At the core of Reagan’s successful governance was a commitment to strong national security, traditional values, genuine federalism and domestic policies designed to restore America as an entrepreneurial powerhouse. The major pieces of his economic plan are these:
- Reducing tax rates — to instill incentives for economic growth. In 1981, the top income-tax rate was brought from 70 percent down to 50 percent, with a 25 percent across-the-board cut in income-tax rates for everyone in all the other tax brackets. The 1986 tax reform reduced rates even further, leaving just two rates, 15 percent and 28 percent.
- Reducing federal spending — to contain the size of government, including an almost 5 percent spending cut the first year, in fiscal 1981 (equivalent to a $175 billion cut in one year today). Even throwing in the Reagan defense buildup — which won the Cold War without our firing a shot — total federal spending declined from a high of 23.5 percent of gross domestic product in 1983 to 21.2 percent in 1989. This reduction constituted a 10 percent real decrease in the size of government relative to the size of the economy.
- Deregulation — to reduce government intrusion in people’s lives and the cost of red tape on the private sector. Reagan’s first executive order after taking office eliminated price controls on oil and natural gas. Production soared, and the price of oil declined by more than 50 percent.
- Stable monetary policy — to restrain money-supply growth compared to demand to control inflation and thus maintain a stable value for the dollar. This would cement the economic gains achieved by cutting tax rates and federal spending and deregulating the economy.
Reagan’s recovery plan was intended to counter government’s negative impact on the economy or, as he put it in 1986:
“Government’s view of the economy could be summed up in a few short phrases: If it moves, tax it. If it keeps moving, regulate it. And if it stops moving, subsidize it.”
The four-point plan resulted in the most successful economic experiment in world history — setting a new record for the longest peacetime expansion ever.
After just three years in office, Reagan’s common-sense solutions reduced inflation from almost 13 percent when he took office to 3.2 percent in 1983. Over his two terms in office, Reagan’s policies added more than 17 million new jobs, reducing unemployment by more than half, from 10.8 percent in 1982 to 5.3 percent in 1989. The bottom 20 percent of income earners also benefited. Their average household income grew by 12.2 percent from 1983 to 1989. The poverty rate, which had been increasing under President Carter, declined every year under Reagan while the standard of living for all Americans rose by almost 20 percent.
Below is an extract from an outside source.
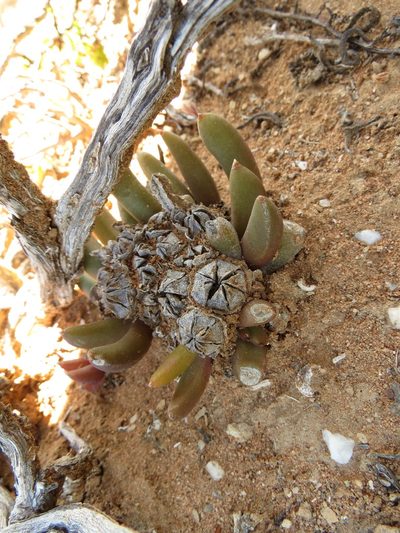 Glottiphyllum fergusoniae, photographed by Christiaan Viljoen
Reagan’s opponents who had argued that tax cuts would increase interest rates were proved wrong. The prime rate was cut by two-thirds, down to 8.2 percent in 1987 and then to 6.25 percent by 1992. The stock market more than tripled in value from 1980 to 1990 — the largest decade-long increase in history.
Can we do this again? Absolutely, if we ourselves resolve to follow Mr. Reagan’s principles. The alternative is an unthinkable acceleration down The Road to Serfdom, a socialistic morass described very well in that book, by one of Mr. Reagan’s favorite economists, F.A. Hayek.
“The Reagan Resolve” is a reminder of America’s animating principles and a road map to steer us off that other road on which we’ve been speeding recklessly.